If turbochargers haven’t won the war against natural aspiration yet, they certainly appear unstoppable in this, their most recent campaign for domination. Increasingly stringent fuel-economy and emissions regulations worldwide are driving this switch to forced induction because turbochargers allow carmakers to maintain performance levels while reducing engine displacement and improving EPA fuel economy. Honeywell, a leading turbo supplier, reckons that by the year 2020, 39 percent of all vehicles sold in North America will have turbos, up from 23 percent in 2015.
Turbocharging’s day has been long in coming, considering that the concept has been around for more than a century. It’s been 54 years since General Motors fitted turbochargers to the Chevy Corvair Monza and the Oldsmobile F-85 Jetfire, and more than 40 since the Porsche 917/30, turbocharged to 1500 horsepower, laid waste to Can-Am competitors.
But turbochargers aren’t just for performance cars anymore. They are now the solution of choice for all segments of the market, from city cars to luxury cruisers to—thanks to Ford—full-size pickup trucks. Once you lose V-8–loving truckers to a turbo V-6, the war is all but over and it’s just a matter of signing the surrender documents.

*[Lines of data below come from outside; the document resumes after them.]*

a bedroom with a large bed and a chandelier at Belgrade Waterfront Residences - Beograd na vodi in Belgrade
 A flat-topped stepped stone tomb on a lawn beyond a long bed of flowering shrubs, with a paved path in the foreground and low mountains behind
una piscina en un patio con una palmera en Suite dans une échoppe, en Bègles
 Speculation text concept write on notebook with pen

On the following pages, you’ll find four head-to-head matchups of turbocharged vehicles and their naturally aspirated competitors, covering the breadth of the light-vehicle market. Beware: These are not conventional comparison tests. We’re focusing these stories on the characteristics of the engines and judging the suitability of engine type for each class of vehicle. We also strapped our test gear to several cars to answer the two main questions at the heart of the turbocharged revolution: Do they really save gas, and has turbo lag truly been vanquished from forced-induction engines?
Let the spooling begin.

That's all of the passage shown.